What is being asked. Give back, exactly as written, the lines from the first line of the data below through the line with "Toledo entrance signage", and omit the pictures.

Recorded information.
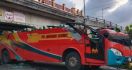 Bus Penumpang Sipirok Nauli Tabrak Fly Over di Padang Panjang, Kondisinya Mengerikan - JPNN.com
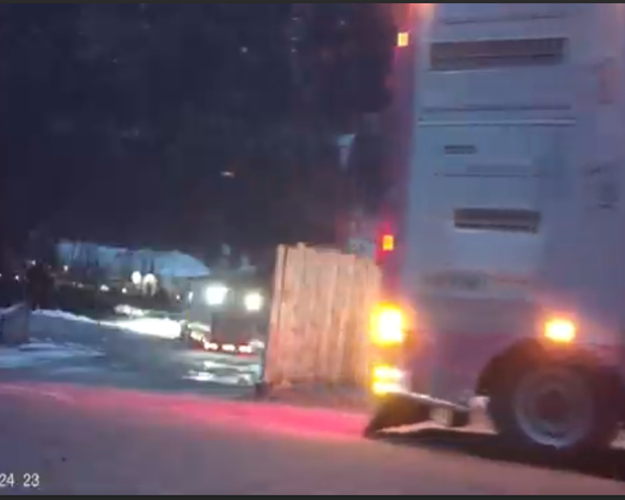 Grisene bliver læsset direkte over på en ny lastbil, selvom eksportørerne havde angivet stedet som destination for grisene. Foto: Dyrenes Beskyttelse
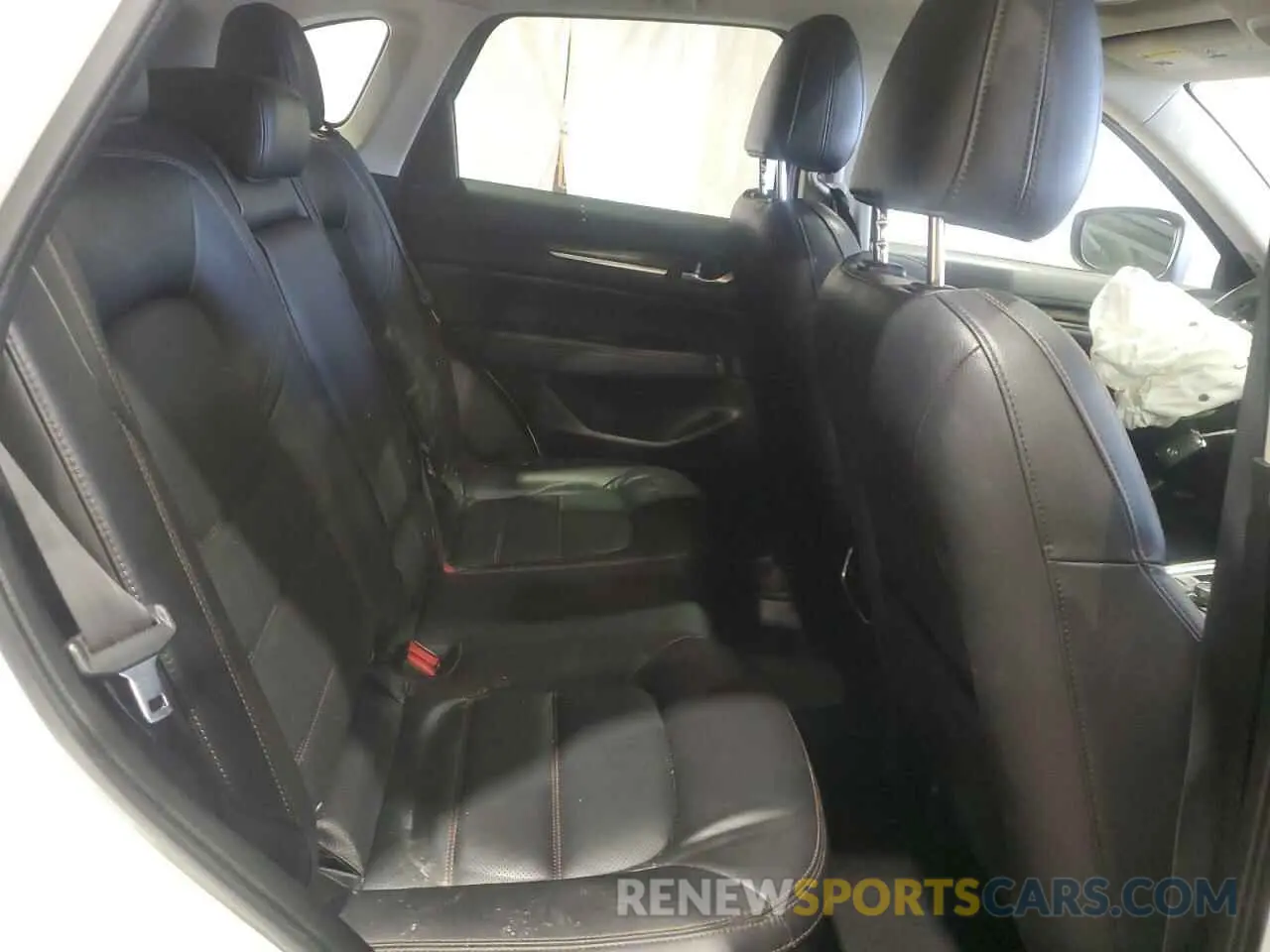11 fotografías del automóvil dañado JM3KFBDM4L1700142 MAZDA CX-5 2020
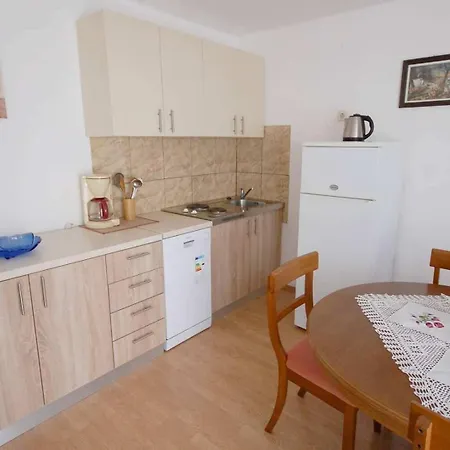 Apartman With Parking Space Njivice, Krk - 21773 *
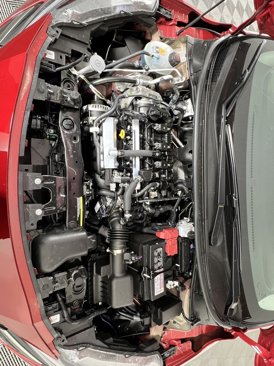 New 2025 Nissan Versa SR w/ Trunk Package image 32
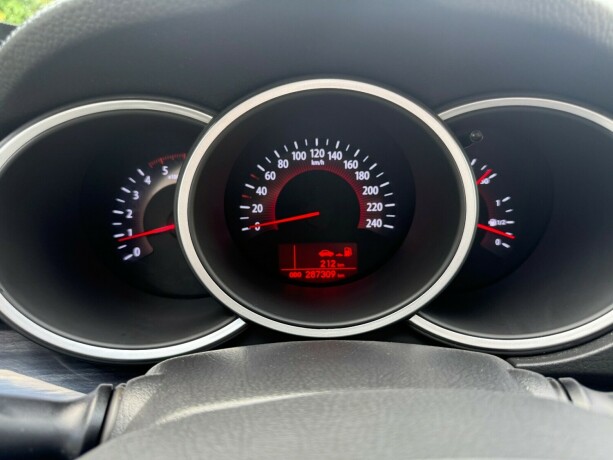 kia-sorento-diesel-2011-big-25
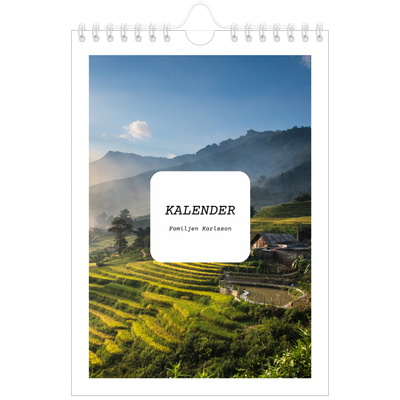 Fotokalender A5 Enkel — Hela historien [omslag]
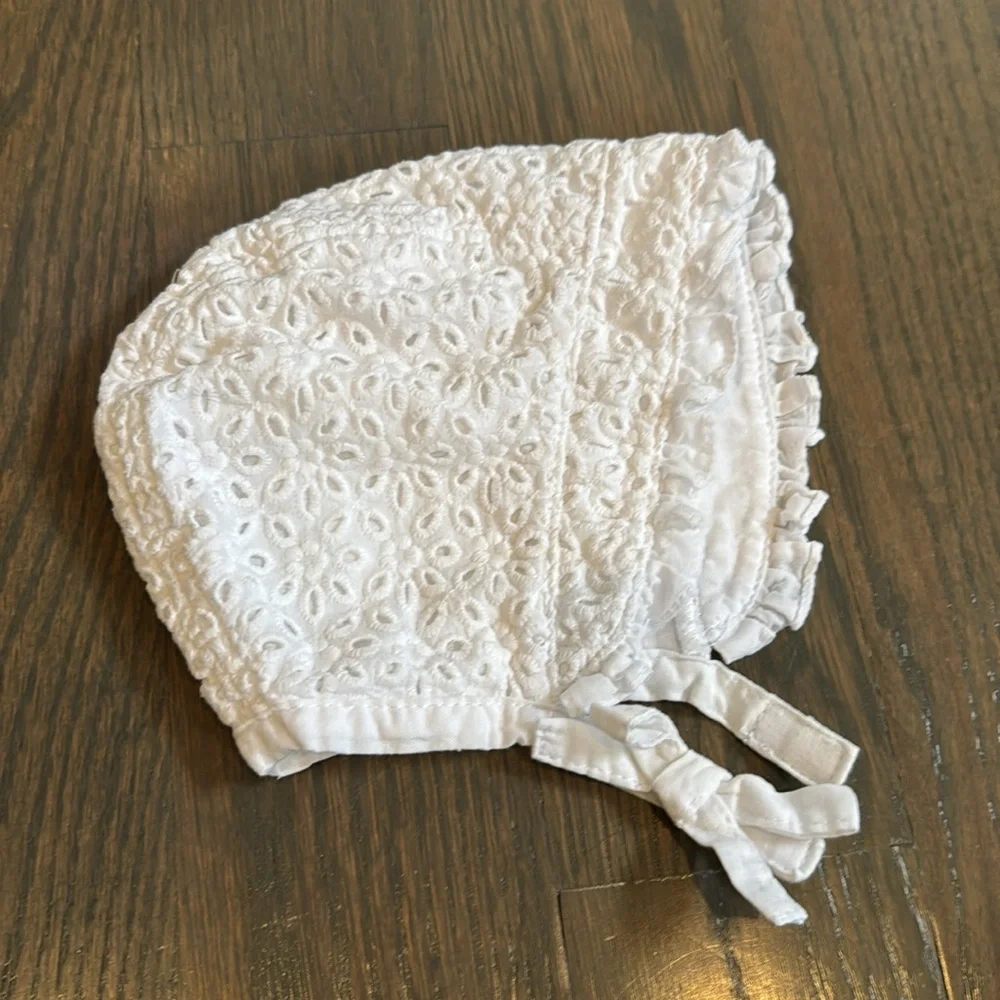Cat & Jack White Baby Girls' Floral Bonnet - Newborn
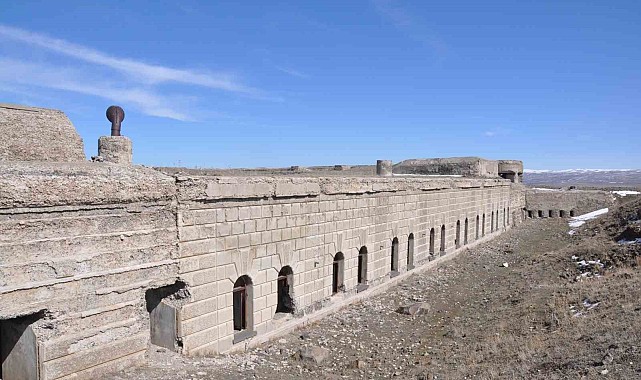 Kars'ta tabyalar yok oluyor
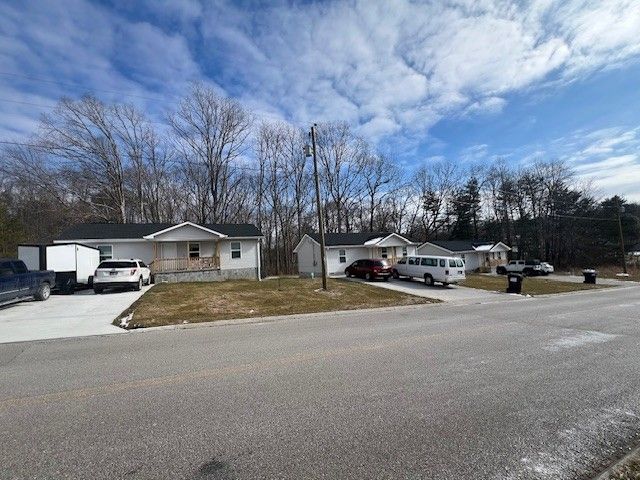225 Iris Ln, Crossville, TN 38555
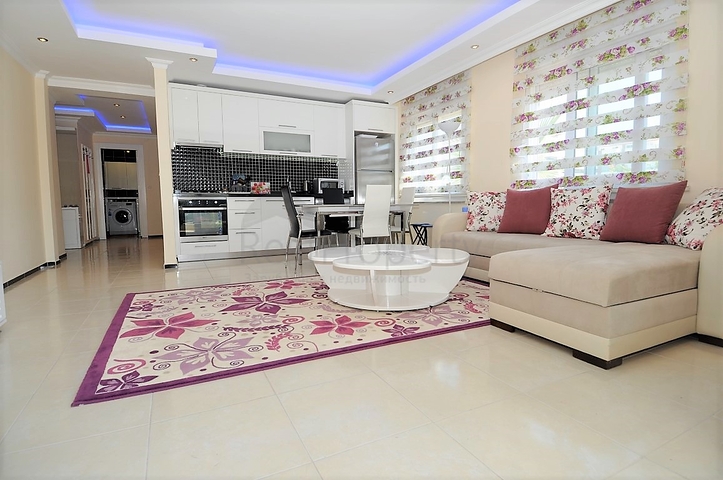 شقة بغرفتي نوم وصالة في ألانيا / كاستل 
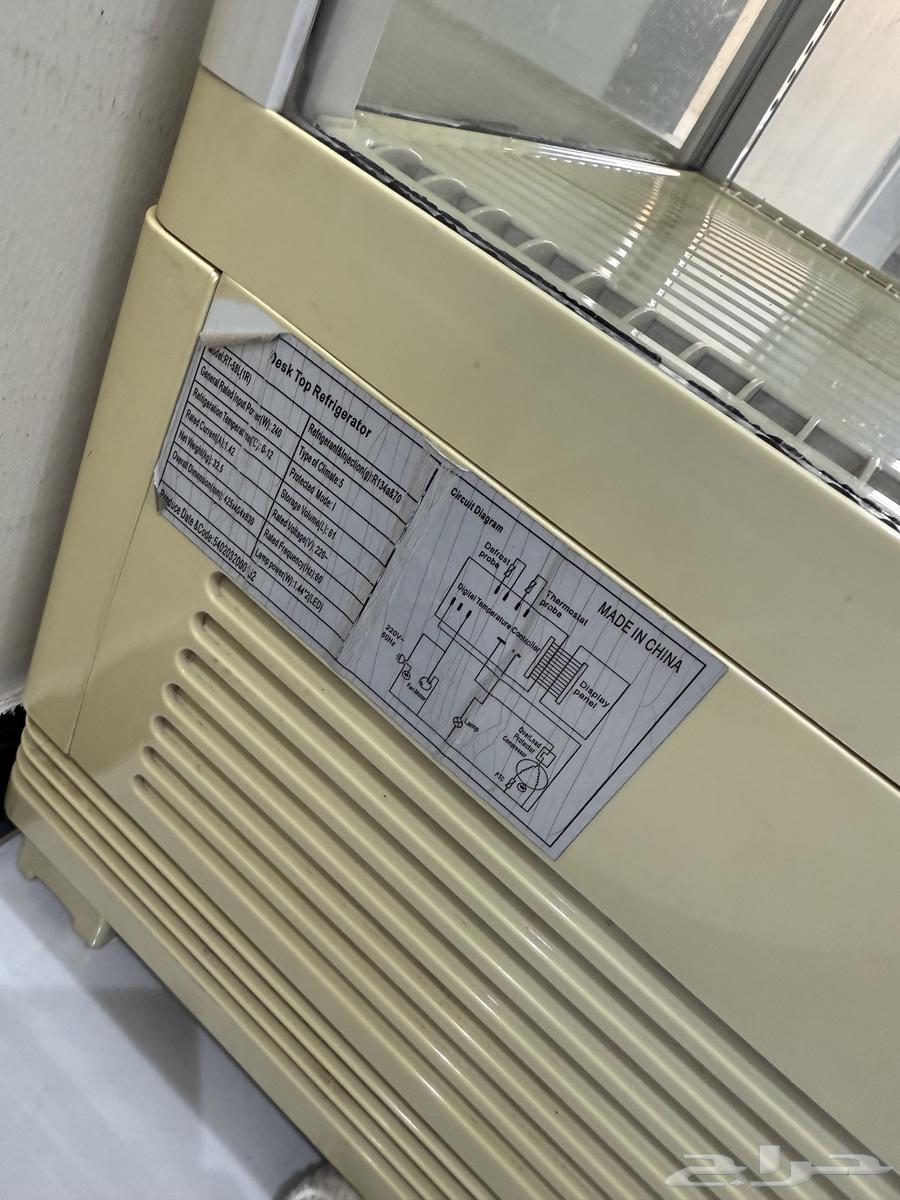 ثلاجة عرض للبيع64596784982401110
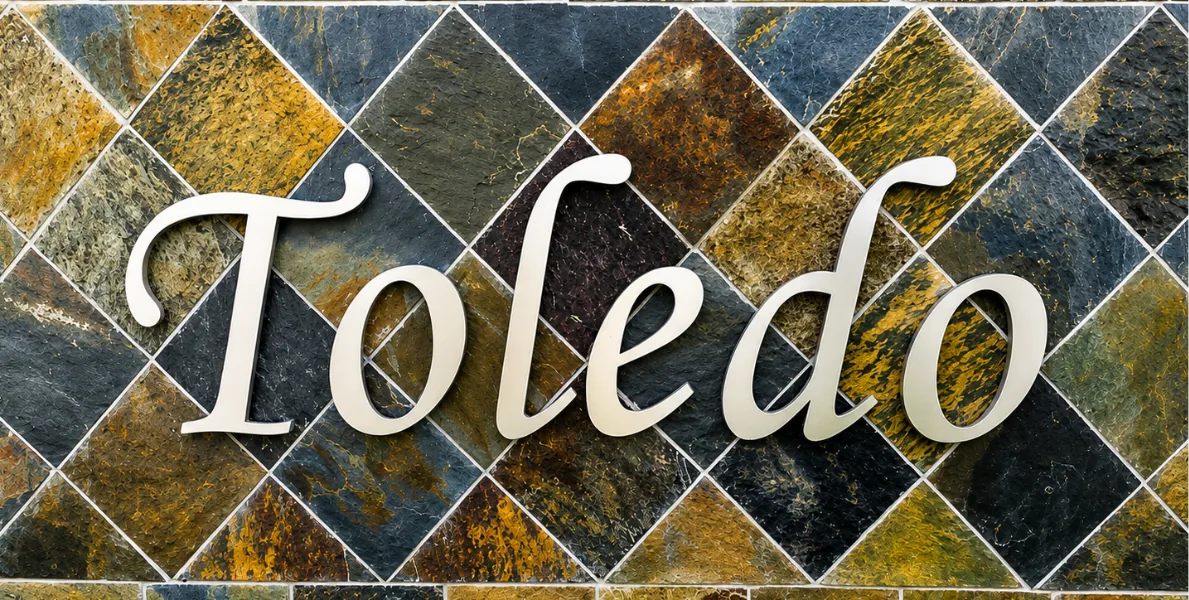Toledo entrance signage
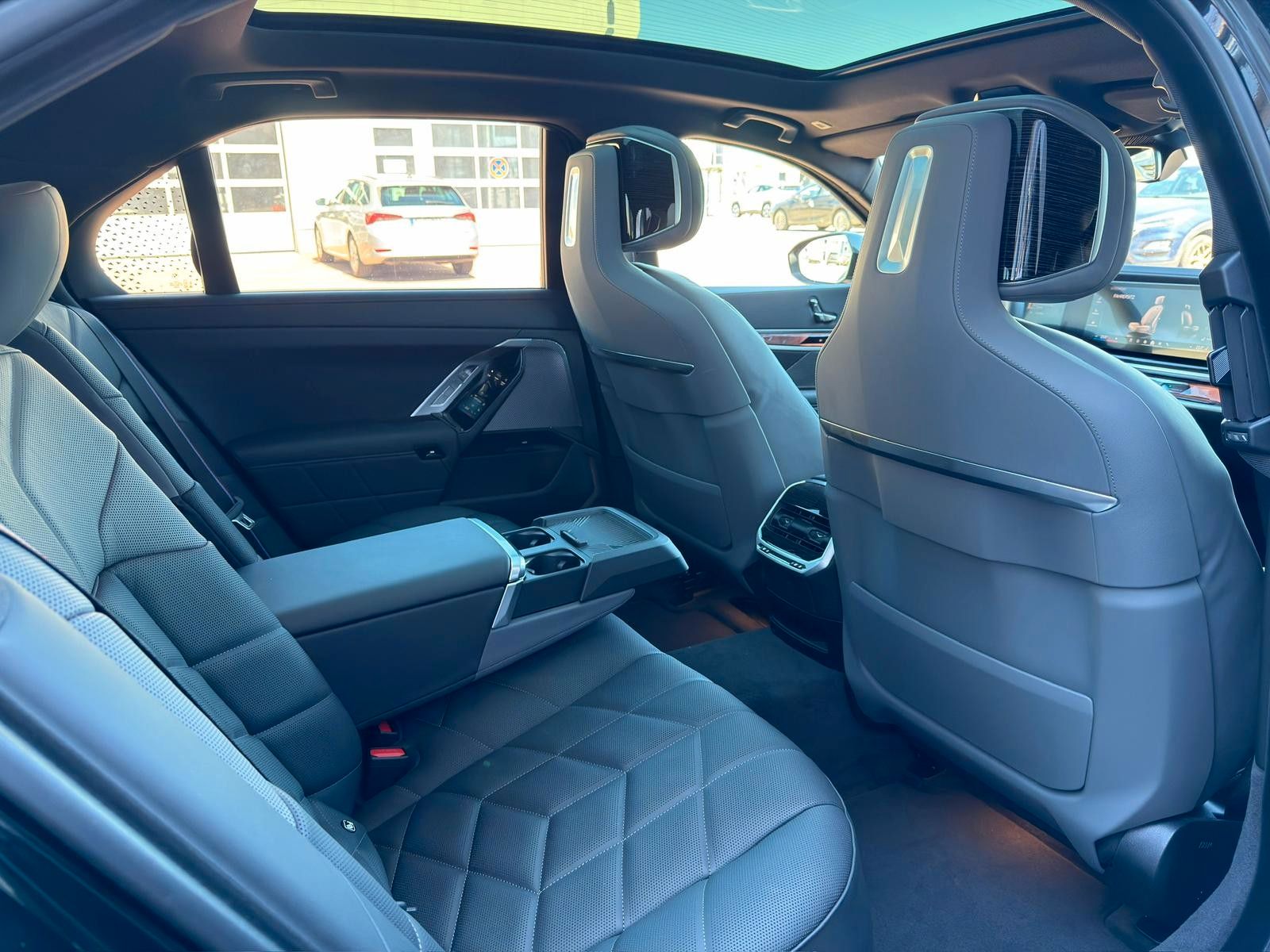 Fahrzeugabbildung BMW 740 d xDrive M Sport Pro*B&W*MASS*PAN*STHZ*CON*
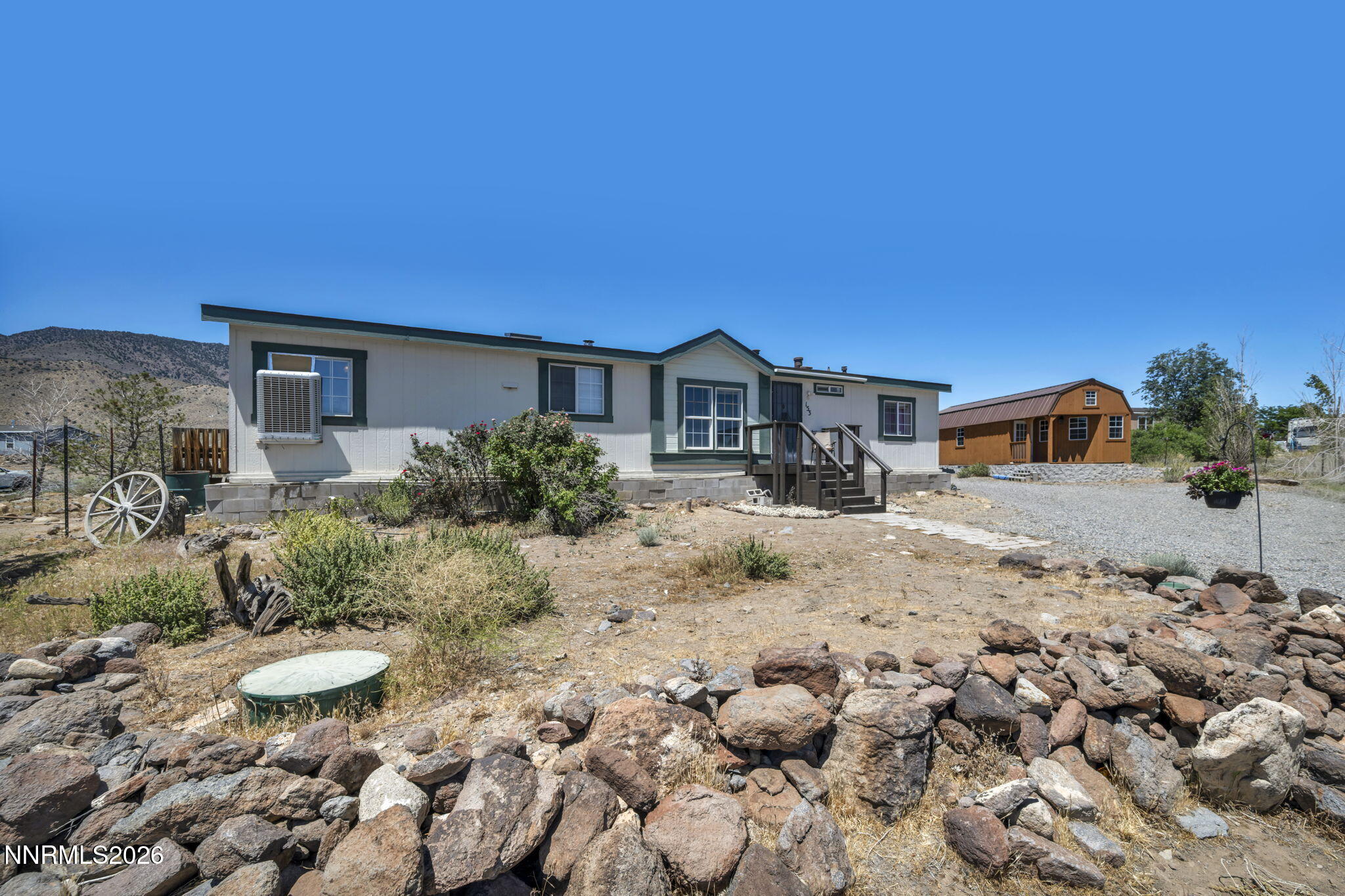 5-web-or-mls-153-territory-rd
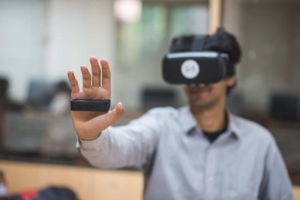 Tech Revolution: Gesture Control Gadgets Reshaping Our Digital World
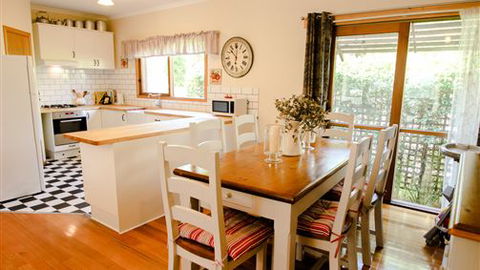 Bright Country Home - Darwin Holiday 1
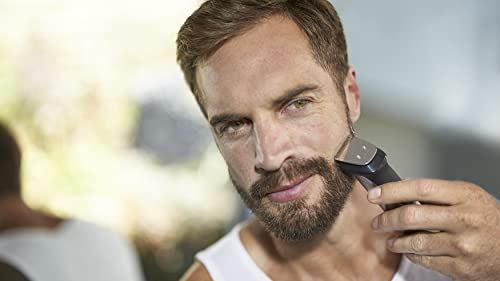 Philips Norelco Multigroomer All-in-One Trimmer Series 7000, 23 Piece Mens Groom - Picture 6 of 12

Exercise answer.
 Bus Penumpang Sipirok Nauli Tabrak Fly Over di Padang Panjang, Kondisinya Mengerikan - JPNN.com
 Grisene bliver læsset direkte over på en ny lastbil, selvom eksportørerne havde angivet stedet som destination for grisene. Foto: Dyrenes Beskyttelse
11 fotografías del automóvil dañado JM3KFBDM4L1700142 MAZDA CX-5 2020
 Apartman With Parking Space Njivice, Krk - 21773 *
 New 2025 Nissan Versa SR w/ Trunk Package image 32
 kia-sorento-diesel-2011-big-25
 Fotokalender A5 Enkel — Hela historien [omslag]
Cat & Jack White Baby Girls' Floral Bonnet - Newborn
 Kars'ta tabyalar yok oluyor
225 Iris Ln, Crossville, TN 38555
 شقة بغرفتي نوم وصالة في ألانيا / كاستل 
 ثلاجة عرض للبيع64596784982401110
Toledo entrance signage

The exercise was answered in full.